WIRE - WIRE

Wire:
Wire:
Pink Flag:
CD/LP:
Out Now:

★★★★★★★★☆☆

Formed nearly 40 years ago, it's a testament to Wire's spirit that album number fourteen still translates their quirky spiky oeuvre into something really quite palatable - in short, they're getting better and better in their later age. Even more impressive when you learn that this is their first Top 75 album since 1979's 154.

Coming roughly eighteen months after its predecessor 2013's Change Becomes Us, Wire encompasses most of the best bits from a career that started life on Harvest (edgy art-punk), continued on Mute (lustrous industrial electro-pop) and ended up on their own Pink Flag (left-field power-rock).
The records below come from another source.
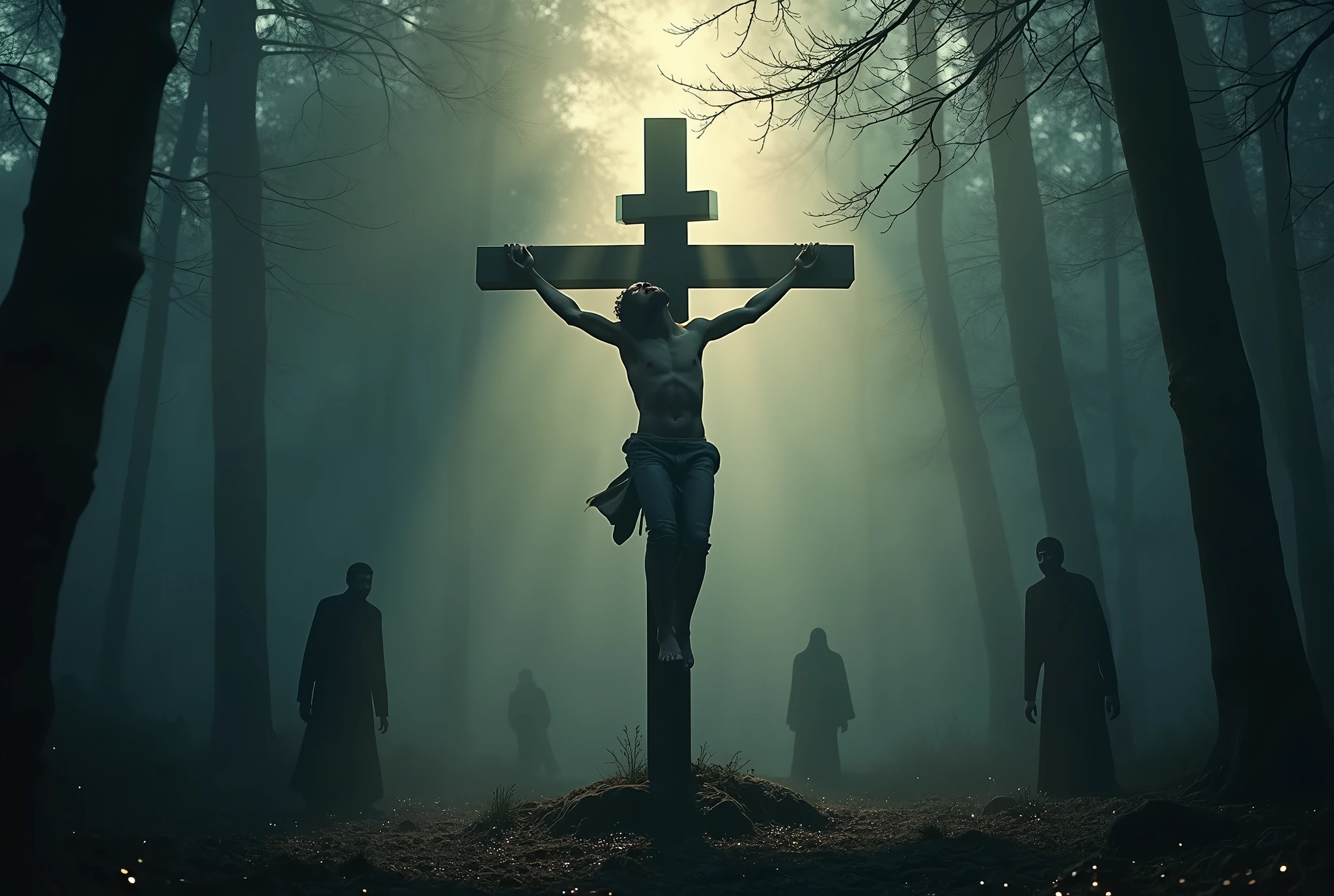 (((masterpiece))), (((Highest quality))), ((Very detailed)), (photograph), (photo:1.2) of a Man alone with arms outstretched and both hands nailed to a Christian cross upside down, the man is crucified on the  upside down cross. He is in the middle of a gloomy and terrifying forest at night. Shadows of dark men around. Photorealistic style. Intricate details, shimmering, sparkling, iridescent, mesmerizing, dreamlike, ethereal, cinematic lighting, dramatic shadows, vibrant colors, soft focus, hyper realistic, masterpiece. 
[Entire scene is surrounded by mist, evoking a mysterious and eerie atmosphere. The lighting is dark and atmospheric, with smoke and fog adding a touch of sinister ambiance. Best quality image, HDR enhancement, showcasing the utmost level of detail and realism]. [8K, Best Quality, Ultra High Resolution, (highly detailed CG unity 8k wallpaper), (best photo), (best shadows), isometric 3D, octane rendering, ray tracing, highly detailed, (Best quality, 4K, 8k:1.2), absurdity, ultra detailed, (realistic, photorealistic, photorealistic:1.37), complex parts, HDR, (complex parts:1.12), (hyper detailed, hyper realistic, Soft lighting, spicy:1.2), (complex parts, Hyper detailed:1.15). Blurred foreground. (backlit), masterpiece, high quality, brightness, chromatic aberration, foggy smoke, shadows, contrast, (warm hue, warm tone), high details, natural reflections]. many details. Cinematic lights. photo.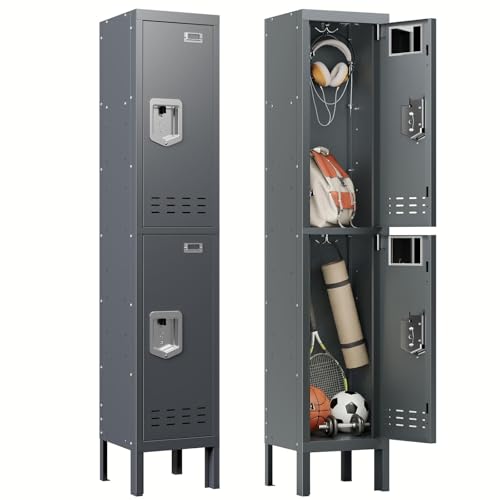 BUTISOW Metal Storage Locker with Lock & Card Slot Locker - Secure Lockable Door - Steel Locker for School, Office, Gym, Home - 66.15" H x 11.8" W x 11.8" D（2 Door, Grey） - color: Grey, size: 2 Door - (66.15" H x 11.8" W x 11.8" D)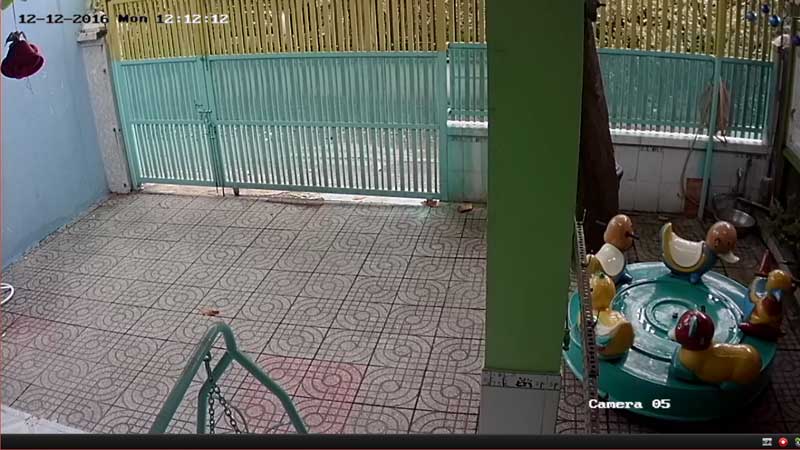 sử dụng camera quan sat wifi để xem cổng nhà trẻ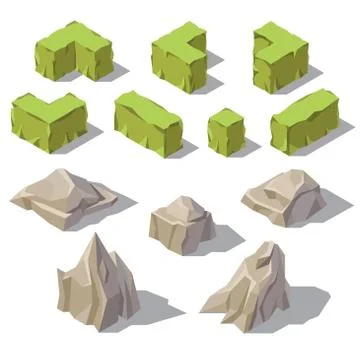 Vector 3d isometric green bushes, stones, rocks Stock-Illustration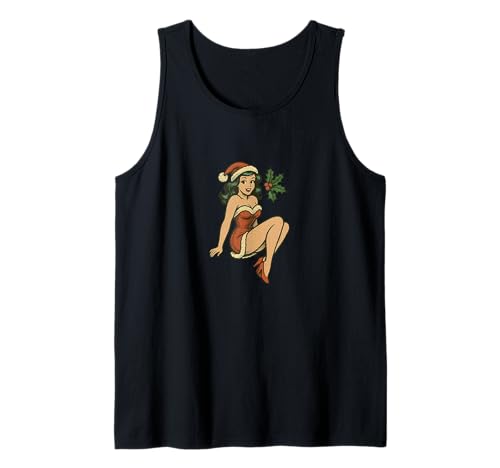 Pinup Girl Retro-Kunst im Vintage-Look „Frohe Weihnachten“ Tank Top Pinup Girl Retro-Kunst im Vintage-Look „Frohe Weihnachten“ Tank Top von Scarlet Sleigh Studio Illustration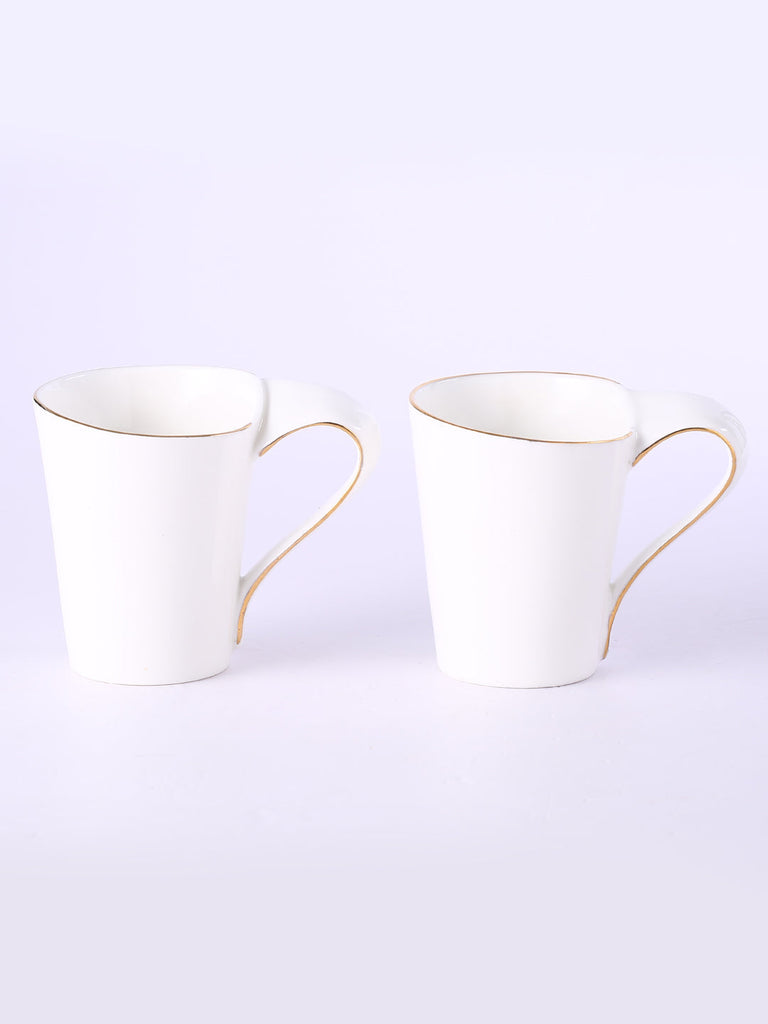 Sicilia Solid White Mugs 190 ml Set of 2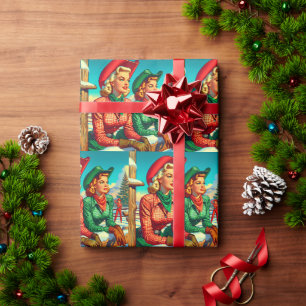 Papel De Presente Vintage Style Cowgirl Natal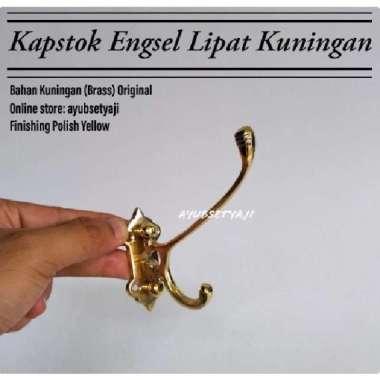 Kapstok Lipat Engsel kuningan antik cantolan kapstok lancip baju Hook Polish Yellow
Ever the social commentators, Blogging kicks off the album with a somewhat snarky observation on current online trends while Wire's very attitude towards self-promotion is to be applauded if doing very little earns them enough sales to fund another tour. Let's hope this is a continuing theme.
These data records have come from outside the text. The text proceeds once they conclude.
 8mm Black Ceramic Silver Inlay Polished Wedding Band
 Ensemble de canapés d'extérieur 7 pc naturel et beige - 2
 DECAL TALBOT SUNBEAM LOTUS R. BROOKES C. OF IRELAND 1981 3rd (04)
Colin Newman's slightly hushed English vocals grace every cracking song, one after the other, without seemingly breaking sweat or deviating from a well-worn path. In fact the only songs to crack the mould in any way are the longest. Sleep-walking ploughs its somnambulist furrow with a certain degree of menace and the resplendent curtain-call Harpooned is quite possibly their finest epic since Over Theirs or Boiling Boy. New guitarist Matthew Simms has seen to it that venue sound-systems will need to be toughened up before this track gives them a toeing and there's some admirable drumming from Robert Grey to drive the whole thing home to a satisfying, ear-bleeding, conclusion. If Mogwai wanted to make pop, they might consider emulating the wall of sound that Wire have spawned here.

I make that a prolific period for Wire during this century with this self-titled collection being the pick of the bunch, just ahead of Object 47.